June 16th I will be fishing a gravel pit in Gloucestershire for tench, rudd and perch; this water has a close season from March 15th until June 15th both days inclusive. So really looking forward to this trip more so as June 16th will be even more special for me. Over the past few weeks I've been playing around with some of the snails and mussels from Pallatrax, which are re-hydrated before use, but what makes them even better is you can flavour and colour them. I've been dropping them into a local still water where I can sit and watch the reaction of the fish. Itís all been very positive. When my local river has been flowing clear I've chucked mussels and snails to the chub, I was amazed at how quickly the chub grabbed these food items. I reckon there are good prospects for these baits.
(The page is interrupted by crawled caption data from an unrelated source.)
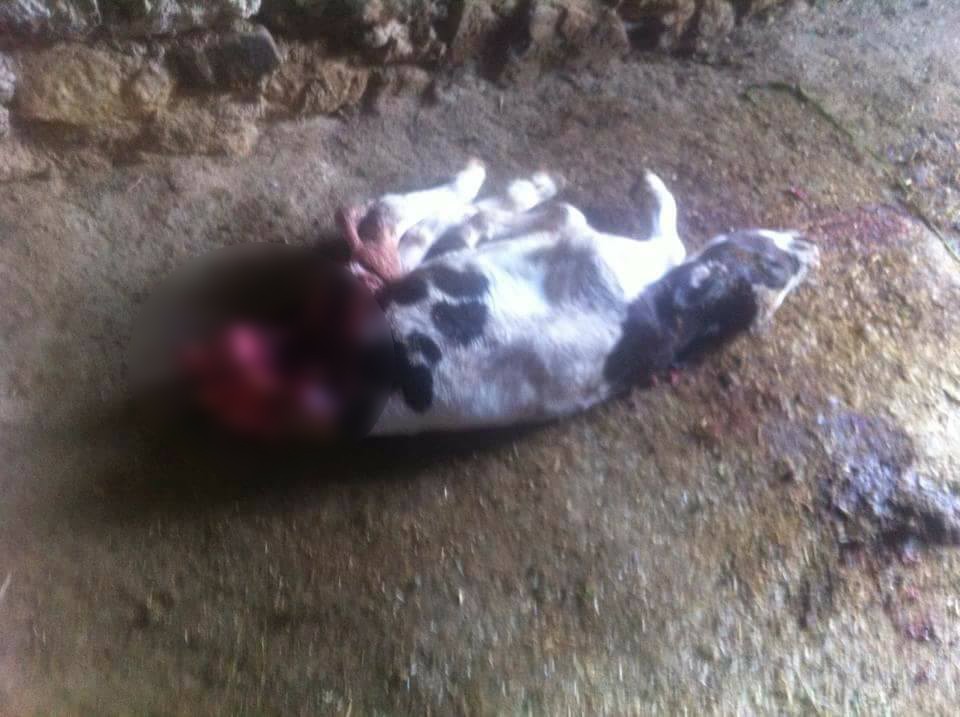 Aydın’da yırtıcı vahşi hayvan alarmı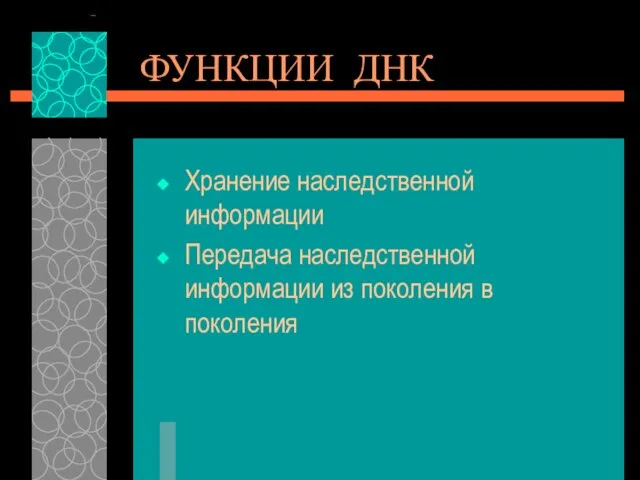 ФУНКЦИИ ДНК Хранение наследственной информации Передача наследственной информации из поколения в поколения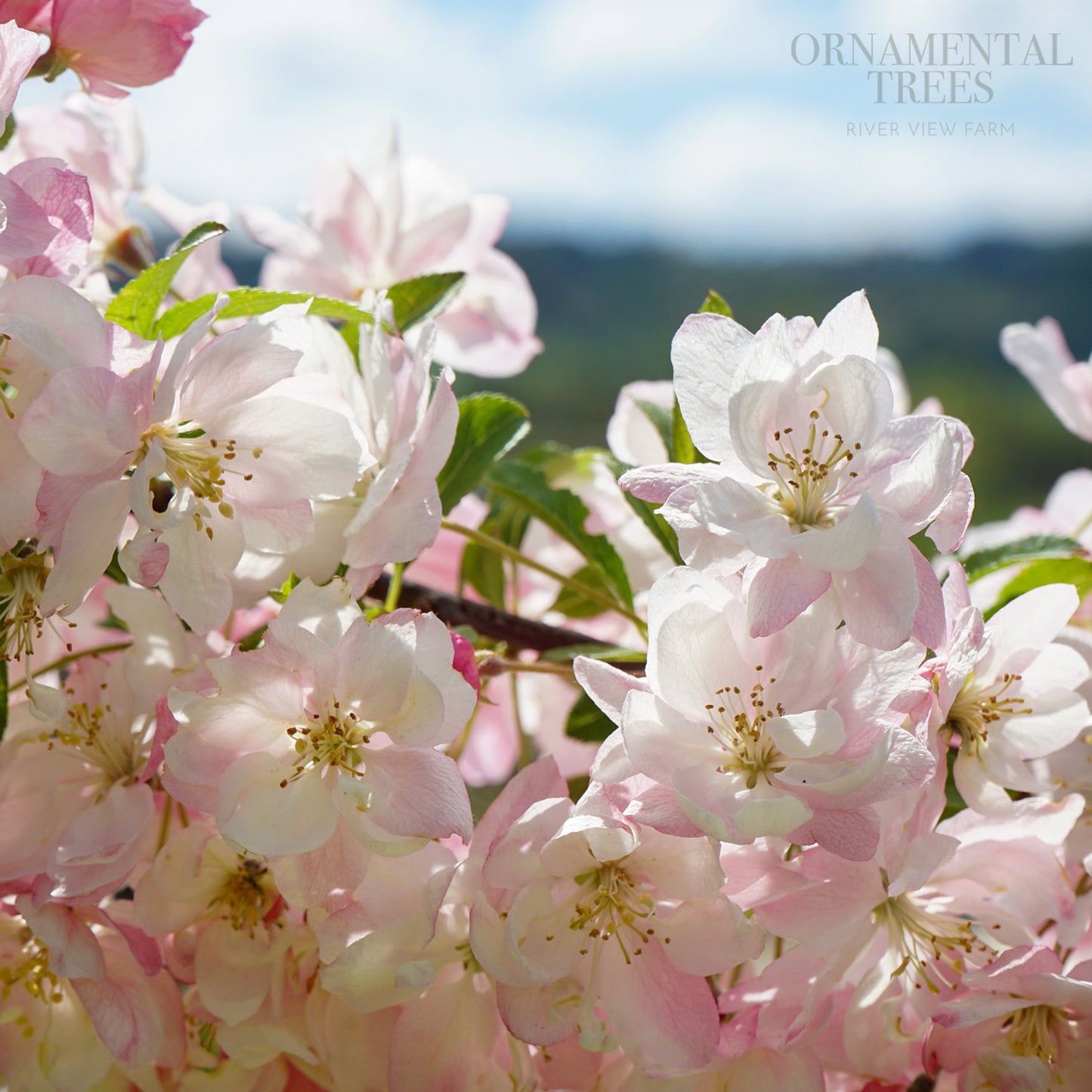 Malus 'Pink Perfection' Tree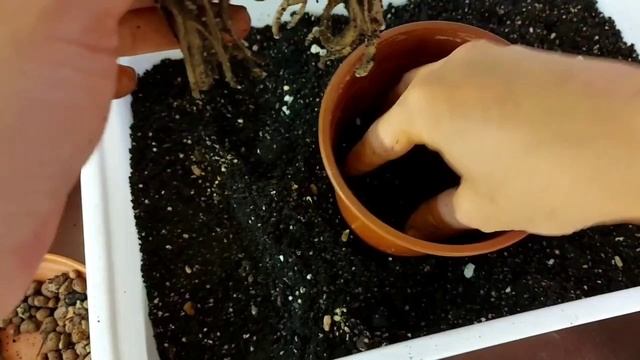 Замиокулькас, пересадка. Секреты посадки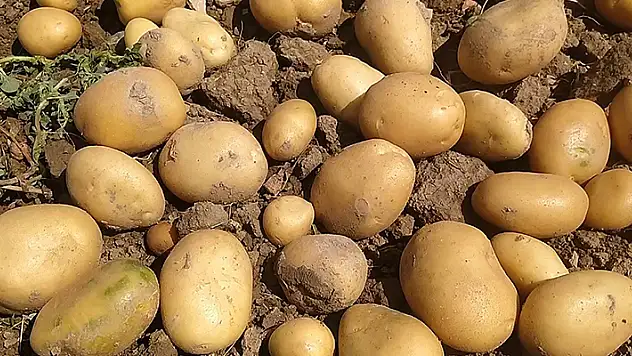 Konya patates üretiminde 5. sırada yer aldı
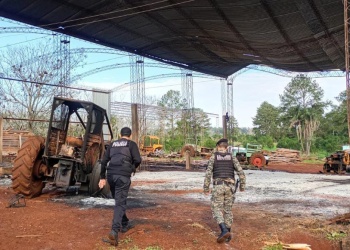 Investigan incendio intencional en una maderera de Colonia Delicia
This years Barbel Society Conference will be on Sunday 3rd June, Pallatrax will have a stand where I will spend some time signing my book At The Water's Edge, I will also have a few of the limited signed editions in a slip case. On the Pallatrax stand they will have the new baits along with the various boilies and pastes. I rate the Pallatrax cheese paste, though I change it a bit by adding some oil, cheese glug and some Danish blue. In its natural form itís too stiff to fish directly on the hook, you need to hair rig it. When fishing for chub with a hair I reckon you will miss some bites, my cheese paste is very soft and perfect as a hook bait.